Fleece Harvesting
Mechanism
Fleece harvesting is the removal of keratin fibres — wool, cashmere, mohair, alpaca, llama, and related specialty fibres — from live fibre-producing animals using mechanical shearing, combing, biological induction, or manual extraction during natural moult.
Machine shearing uses a powered handpiece consisting of a fixed comb in contact with the skin and a reciprocating cutter above. Wool fibres are guided between comb teeth and severed as the handpiece advances along standardised patterns — such as the Bowen technique — to remove the fleece in a single contiguous piece. The animal is manually restrained or positioned using holding pens, tilt tables, or rotary tables throughout the procedure.

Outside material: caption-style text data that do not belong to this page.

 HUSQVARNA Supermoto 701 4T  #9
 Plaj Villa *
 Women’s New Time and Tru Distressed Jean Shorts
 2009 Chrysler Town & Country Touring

Blade shearing uses large scissors-like shears with two blades and a spring, applied close to the skin. The operator advances in successive strokes — blows — along standardised body patterns to detach the fleece by sections.
Combing is used primarily for cashmere goats and double-coated sheep during natural moult. Metal or plastic combs or rakes are pulled through the coat to extract the shedding undercoat fibres while leaving guard hair. Repeated passes continue until fibre yield declines.

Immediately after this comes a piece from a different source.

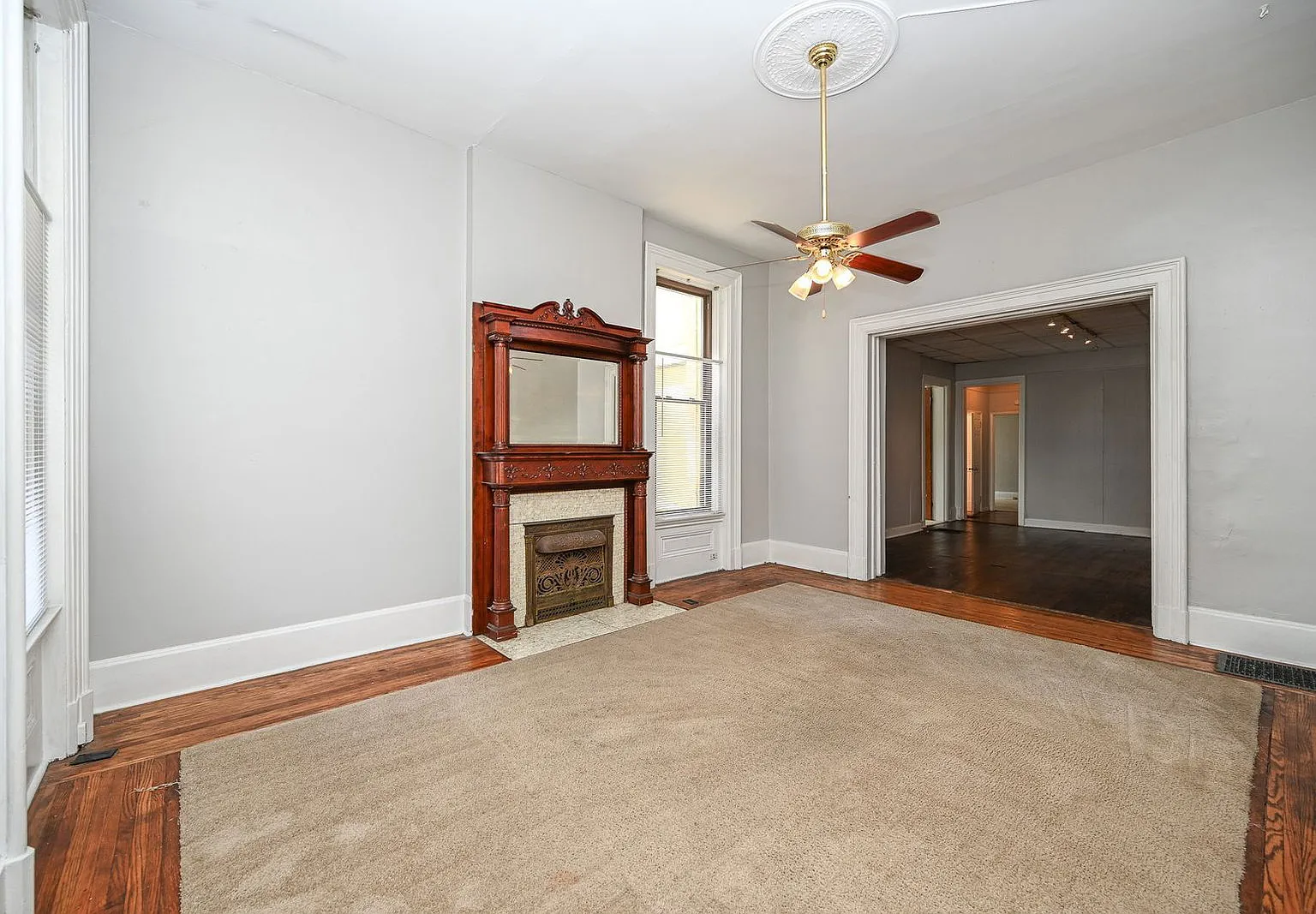 3 bed, 1.0 bath, $2,695 — Photo 2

Rooing is used for primitive or naturally moulting sheep breeds — Soay, Shetland, Boreray, some Manx. The operator uses hands to grasp and pull or push through the fleece along the body, detaching naturally loosened fibre at the shedding line while leaving new growth. No cutting instruments are used.
Biological defleecing — the Bioclip system — involves subcutaneous or intradermal administration of Epidermal Growth Factor (EGF), which induces a temporary break in wool fibres near the skin. After several days the weakened fleece sheds into a net placed around the animal or is subsequently removed mechanically. The method produces a zone of weakened wool enabling follicle sheath separation without cutting.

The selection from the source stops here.